The Human Fertilisation and Embryology Bill received considerable media and Parliamentary coverage in May as members of the House of Commons spent two days debating its most contentious clauses on which they had been given a free vote. Gordon Brown briefed Labour members of Parliament in advance by letter which set out utilitarian arguments in favour of the proposed legislation, suggesting that Britain’s ongoing support for stem cells was ‘not only in our own interest, but also the global interest’. Despite speculation that a government defeat might be imminent, in a debate on 19 May there was support for the legislation with many MP’s justifying these advances on the basis of their potential for developing effective treatments in the future. The majority of MP’s supported clauses to allow the creation of human admixed embryos within a tightly regulated research environment.
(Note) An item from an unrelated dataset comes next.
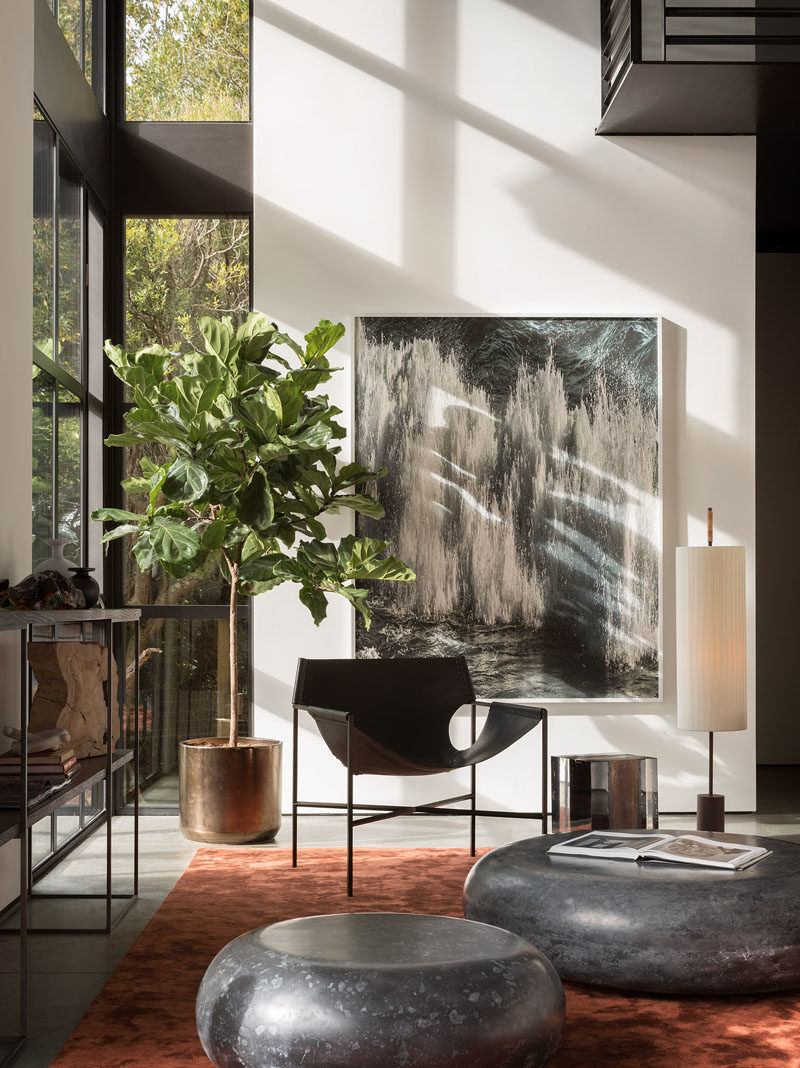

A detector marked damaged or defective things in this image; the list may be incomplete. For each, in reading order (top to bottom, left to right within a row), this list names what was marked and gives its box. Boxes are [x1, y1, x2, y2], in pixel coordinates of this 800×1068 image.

rust silk carpet [53, 856, 800, 1068]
They also supported the selection of embryos which could be used to treat siblings affected by a serious genetic condition, (so called ‘saviour siblings’). In responses to questions about the scope of this clause, the Minister of State for Health, Dawn Primarolo acknowledged that the Human Fertilisation and Embryology Authority (HFEA) had licensed more than 80 conditions for pre-implantation genetic diagnosis including Huntington’s disease, muscular dystrophy and cystic fibrosis and that the selection of diseases which could qualify as ‘serious’ and utilise the techniques described in the Bill was a matter for the HFEA’s ethics committee. In the same debate, Dawn Primarolo also signalled the prospect of further regulation concerning the use of stem cell lines for treatment rather than research, acknowledging that the regulatory oversight by the HFEA ‘finishes once a stem cell line is derived’. Interim guidance has been published by the Human Tissue Authority.
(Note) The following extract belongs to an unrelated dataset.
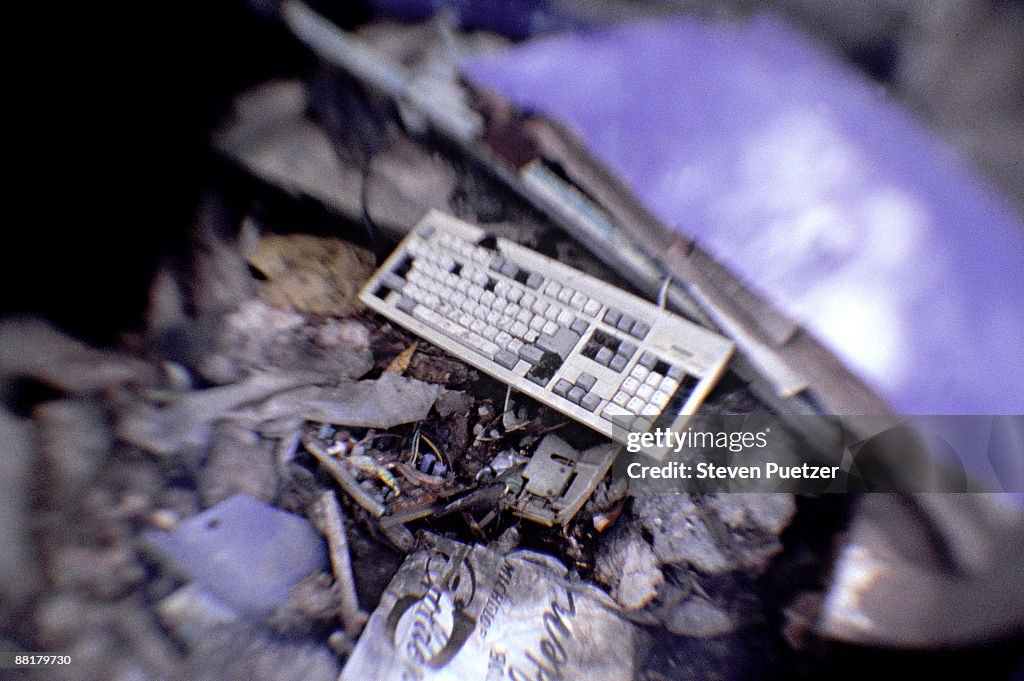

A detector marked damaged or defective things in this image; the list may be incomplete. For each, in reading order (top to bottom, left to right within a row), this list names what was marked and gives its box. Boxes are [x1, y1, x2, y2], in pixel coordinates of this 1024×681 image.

crumpled metal sheet [464, 14, 1024, 413]
crumpled metal sheet [342, 532, 638, 679]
The House of Commons also supported changes to the Human Fertilisation and Embryology Act 1990 to require clinicians to consider the need of any child born as a result of assisted reproduction to have supportive parenting (which replaces an explicit requirement to consider the need for a father). The Bill was also used as a vehicle to debate the ethics of abortion. One contentious area was the extent to which the time limit for certain types of abortion (excluding those carried out on grounds of fetal disability) should be reduced from the current limit of 24 weeks. It was argued that care of premature babies had improved and some evidence suggested that babies born at 22 or 23 weeks had improved viability. After considerable debate, MP’s voted for existing time limits to be retained.
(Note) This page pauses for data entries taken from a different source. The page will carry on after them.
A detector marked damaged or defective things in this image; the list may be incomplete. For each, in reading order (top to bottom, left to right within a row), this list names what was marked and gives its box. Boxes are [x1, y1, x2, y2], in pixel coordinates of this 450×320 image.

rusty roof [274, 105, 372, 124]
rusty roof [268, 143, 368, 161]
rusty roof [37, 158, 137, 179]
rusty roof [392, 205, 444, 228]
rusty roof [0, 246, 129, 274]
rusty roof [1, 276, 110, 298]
In subsequent committee debates in the House of Commons, the Bill has been further amended to set out the basis for using cells from those lacking capacity (either as children or adults) or where the donor can no longer be identified or has died. These amendments are in line with the legislative framework laid down by the Mental Capacity Act 2005 and the Human Tissue Act 2004. With the House of Commons committee stage due to be completed by 17 June, one might expect the Bill to receive Royal Assent before Parliament breaks for the summer recess (22 July) although no dates have yet been published.